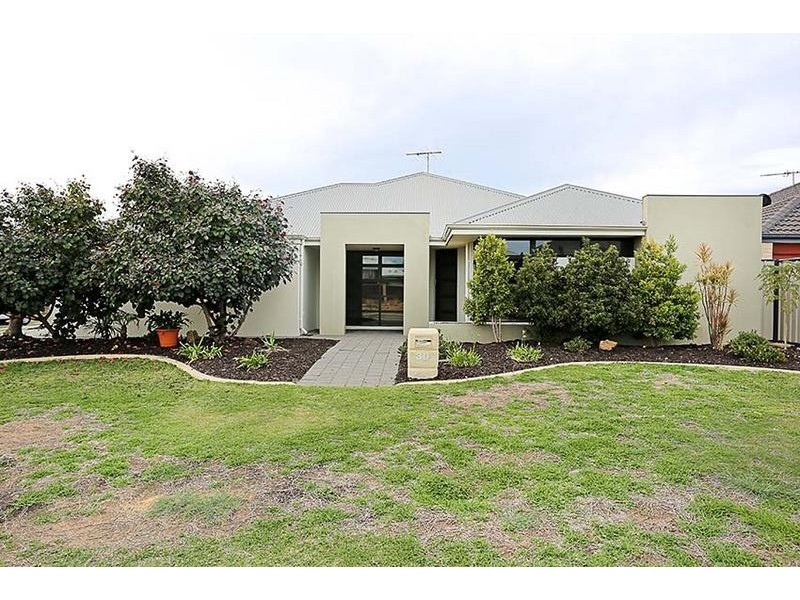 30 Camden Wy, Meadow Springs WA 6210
---
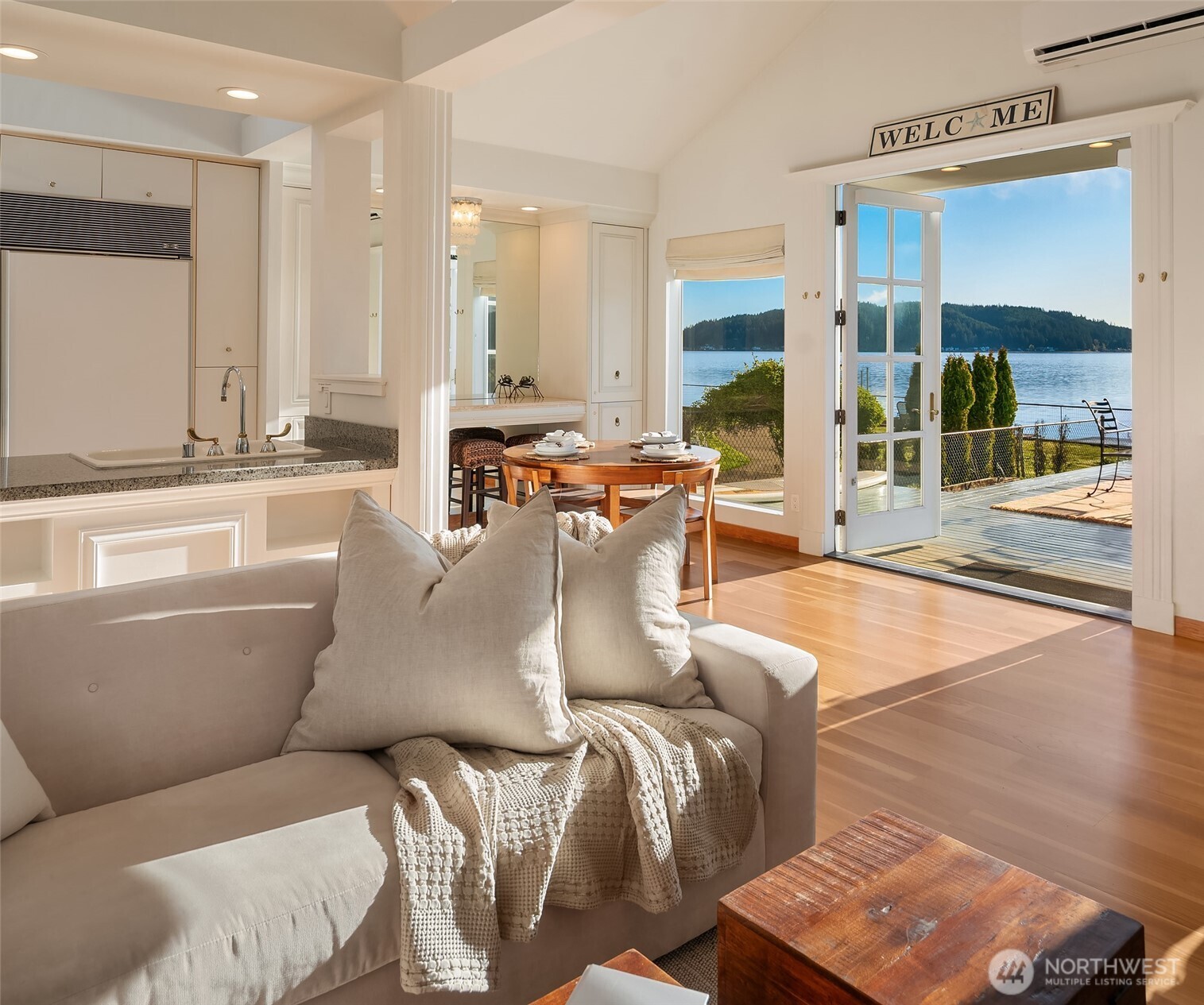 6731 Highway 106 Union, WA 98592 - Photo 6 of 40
==
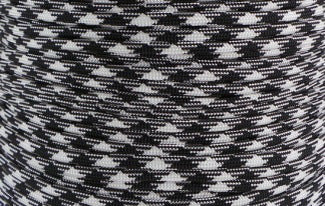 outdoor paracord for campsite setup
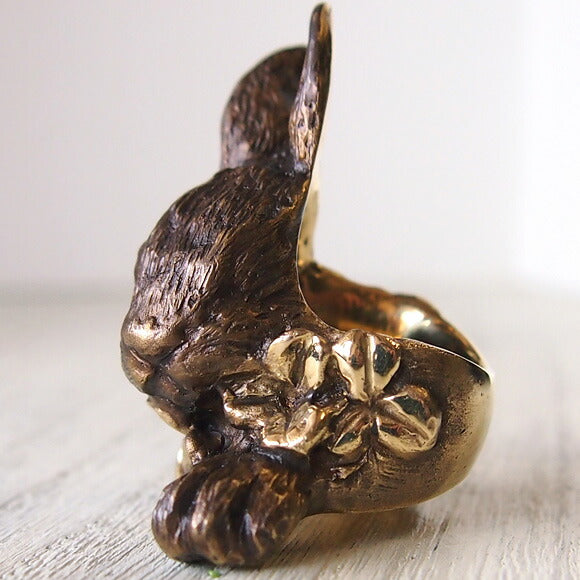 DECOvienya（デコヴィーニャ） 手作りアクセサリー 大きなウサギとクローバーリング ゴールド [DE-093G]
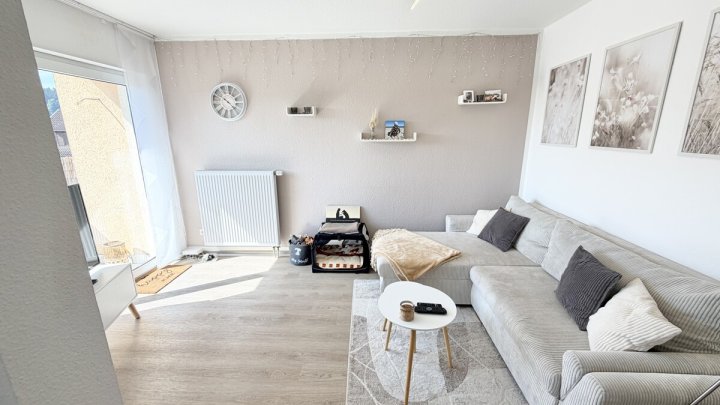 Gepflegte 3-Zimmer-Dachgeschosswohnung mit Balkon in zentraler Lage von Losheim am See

Task brief:
Leave out the images and write out the lines above exactly, from the one with "DECOvienya（デコヴィーニャ） 手作りアクセサリー 大きなウサギとクローバーリング" up to and including the one with "Gepflegte 3-Zimmer-Dachgeschosswohnung mit".

Answer to the problem:
 DECOvienya（デコヴィーニャ） 手作りアクセサリー 大きなウサギとクローバーリング ゴールド [DE-093G]
 Gepflegte 3-Zimmer-Dachgeschosswohnung mit Balkon in zentraler Lage von Losheim am See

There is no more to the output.